From the LNK file from which the hex dump in figure 1 was extracted, we can still extract and manually parse the droids; as the ObjectIDs are based on the UUID version 1 format (discussed in this blog post), we can use this information to our advantage in our research, extracting the node IDs (MAC addresses), etc. Interestingly enough, though, the larger machine ID doesn't seem to have an effect on the command embedded within the LNK file; having sections of the file format that do not comply with the specification doesn't seem to affect the performance of the LNK file.
I began wondering if the larger machine ID field might be a "toolmark" of some kind, an artifact of whatever process or application that had been used to create the LNK file. I also began looking at a range (I hesitate to qualify the range with "wide"...) of LNK files found online, particularly those that ran external commands (encoded Powershell commands, bitsadmin commands, etc.), as well as looking for tools, applications, or processes that would allow someone to create arbitrary, malicious LNK files. At this point in time, I haven't yet found one that produces "toolmarks" similar to what's seen in figure 1.

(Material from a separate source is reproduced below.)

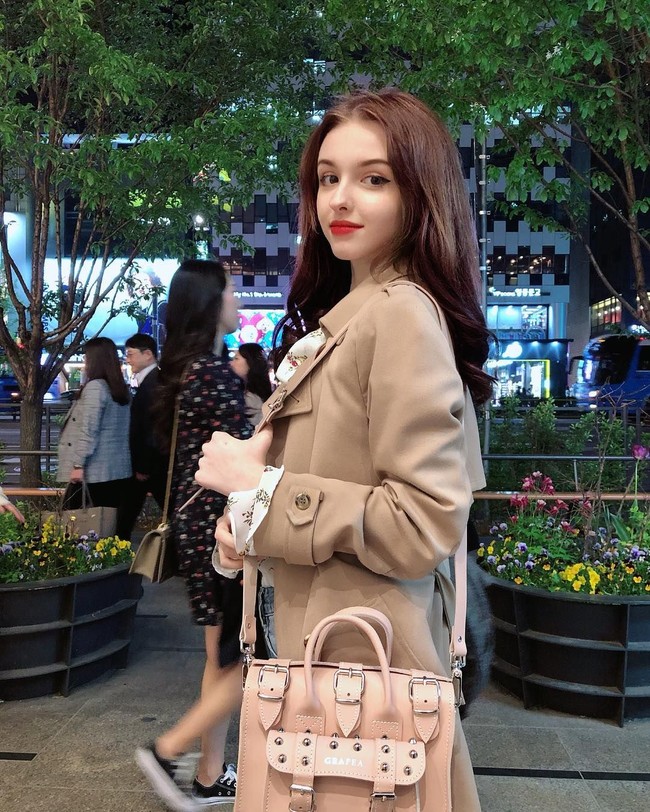 Tak hanya itu, Karimova juga populer di Instagram. Ia memiliki 297 ribu lebih pengikut di akun Instagramnya.Foto: Instagram @elina_4_22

The machine ID/NetBIOS name, user SID, VSN, and MAC address are all artifacts from the adversary's system that remain within the LNK file when it is sent to a target. The folks at ProofPoint discussed one or two means of deploying LNK files, which could result in some very interesting artifacts. I'm sure that if enough specifically-malicious LNK files were examined, we'd be able to pull out "toolmarks" from such things as specific applications/tools or processes used to create (or modify) the LNK files, or perhaps even identify misbehaving applications that create LNK files on non-Windows systems.